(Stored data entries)
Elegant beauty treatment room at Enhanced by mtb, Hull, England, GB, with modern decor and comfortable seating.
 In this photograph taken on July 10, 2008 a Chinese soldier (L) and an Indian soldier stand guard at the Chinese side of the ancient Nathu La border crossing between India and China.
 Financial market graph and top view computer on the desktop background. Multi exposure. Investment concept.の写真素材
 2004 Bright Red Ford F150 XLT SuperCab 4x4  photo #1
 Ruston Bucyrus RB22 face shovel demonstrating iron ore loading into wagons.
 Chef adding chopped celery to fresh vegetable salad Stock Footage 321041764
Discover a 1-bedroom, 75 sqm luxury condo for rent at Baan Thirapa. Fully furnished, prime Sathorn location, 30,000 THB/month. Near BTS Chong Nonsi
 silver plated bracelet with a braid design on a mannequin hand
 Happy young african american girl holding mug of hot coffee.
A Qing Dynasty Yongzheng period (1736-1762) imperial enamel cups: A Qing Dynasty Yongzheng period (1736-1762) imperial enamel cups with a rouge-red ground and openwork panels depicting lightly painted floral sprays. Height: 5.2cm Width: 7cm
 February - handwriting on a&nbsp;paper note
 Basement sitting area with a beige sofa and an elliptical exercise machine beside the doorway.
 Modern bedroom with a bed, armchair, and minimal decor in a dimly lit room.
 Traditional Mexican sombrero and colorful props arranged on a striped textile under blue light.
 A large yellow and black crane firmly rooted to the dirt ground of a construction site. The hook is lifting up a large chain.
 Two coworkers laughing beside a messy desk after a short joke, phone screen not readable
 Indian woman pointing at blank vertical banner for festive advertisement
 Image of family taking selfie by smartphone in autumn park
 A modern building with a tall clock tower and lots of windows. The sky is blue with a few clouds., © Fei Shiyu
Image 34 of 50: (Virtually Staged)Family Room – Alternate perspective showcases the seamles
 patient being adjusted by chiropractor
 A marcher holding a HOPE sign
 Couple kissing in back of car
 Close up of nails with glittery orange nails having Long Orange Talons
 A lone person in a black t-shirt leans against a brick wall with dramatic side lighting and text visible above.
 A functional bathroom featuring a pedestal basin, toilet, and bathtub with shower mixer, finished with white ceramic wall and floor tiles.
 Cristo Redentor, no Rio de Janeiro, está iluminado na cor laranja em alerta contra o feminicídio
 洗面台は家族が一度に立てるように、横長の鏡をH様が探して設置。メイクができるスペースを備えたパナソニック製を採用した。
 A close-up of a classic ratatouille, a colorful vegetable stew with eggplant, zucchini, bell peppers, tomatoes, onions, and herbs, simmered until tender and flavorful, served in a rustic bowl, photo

## Instructions to follow
The answer must be every line from the records above that contains "bedroom".

## Answer to this exercise
Discover a 1-bedroom, 75 sqm luxury condo for rent at Baan Thirapa. Fully furnished, prime Sathorn location, 30,000 THB/month. Near BTS Chong Nonsi
 Modern bedroom with a bed, armchair, and minimal decor in a dimly lit room.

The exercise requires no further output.